Il nostro stesso sistema processuale, d’altro canto, si va sempre più orientando nella direzione della valorizzazione del precedente giudiziario. Si pensi ad esempio all’art. 374 c.p.c. (come sostituito dall’art. 8 del Decreto legislativo 2 febbraio 2006, n.40) ove è sancito che se la sezione semplice della Corte di cassazione ritiene di non condividere il principio di diritto enunciato dalle sezione unite, rimette a queste ultime, con ordinanza motivata, la decisione del ricorso (art. 374 c.p.c.); all’art. 350 bis c.p.c. (introdotto dal Decreto legislativo n. 149 del 2022) che nel giudizio di appello prevede, nelle ipotesi d’inammissibilità e manifesta fondatezza o infondatezza, una forma semplificata di sentenza motivata anche mediante esclusivo riferimento al punto di fatto o alla questione di diritto ritenuti risolutivi o mediante rinvio a precedenti conformi e all’art. 118 disp. att., c.p.c. (così come modificato dall´art. 52, comma 5, della Legge n. 69 del 2009, n. 69) che, nel dettare la disciplina della motivazione della sentenza, stabilisce che essa contenga, l’esposizione succinta dei fatti rilevanti della causa e delle ragioni giuridiche della decisione, anche con riferimento ai precedenti conformi.

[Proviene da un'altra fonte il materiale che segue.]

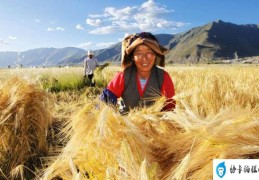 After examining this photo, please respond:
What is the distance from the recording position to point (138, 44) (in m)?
3.07

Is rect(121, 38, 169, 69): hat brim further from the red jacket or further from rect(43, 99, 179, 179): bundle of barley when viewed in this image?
rect(43, 99, 179, 179): bundle of barley

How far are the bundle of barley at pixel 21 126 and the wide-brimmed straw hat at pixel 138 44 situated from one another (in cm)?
89

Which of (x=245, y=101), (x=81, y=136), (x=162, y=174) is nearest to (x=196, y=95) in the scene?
(x=245, y=101)

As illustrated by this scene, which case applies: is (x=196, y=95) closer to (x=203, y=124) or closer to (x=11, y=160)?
(x=11, y=160)

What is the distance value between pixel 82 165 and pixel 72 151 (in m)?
A: 0.11

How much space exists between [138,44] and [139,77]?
32 centimetres

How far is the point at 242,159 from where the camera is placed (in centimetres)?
96

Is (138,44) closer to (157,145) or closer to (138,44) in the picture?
(138,44)

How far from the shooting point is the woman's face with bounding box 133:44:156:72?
10.2ft

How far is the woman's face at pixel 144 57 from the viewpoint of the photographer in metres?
3.11

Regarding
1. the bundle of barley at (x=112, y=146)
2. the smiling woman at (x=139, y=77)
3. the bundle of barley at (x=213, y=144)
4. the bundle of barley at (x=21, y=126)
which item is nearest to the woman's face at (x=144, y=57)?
the smiling woman at (x=139, y=77)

L’auspicio è, per concludere, che i giudici, e in particolare i giudici del lavoro, con la loro professionalità e sensibilità contribuiscano alla realizzazione di una giustizia 4.0 utilizzando tutti gli strumenti processuali, predisposti anche dalla recente riforma del processo civile, per una giustizia certa ed equa perché come ha osservato Natalino Irti “Calcolabilità e affidamento si tengono insieme: il diritto calcolabile è un diritto su cui fare affidamento, su cui riporre aspettative: la fiducia nella legge è attesa di rigorosa applicazione, di stabilità nel tempo, di continuità interpretativa. Soltanto ciò che dura merita affidamento” (Natalino Irti, Per un dialogo sulla calcolabilità giuridica, in Calcolabilità giuridica, a cura di Alessandra Carleo, Bologna 2017 pag. 22).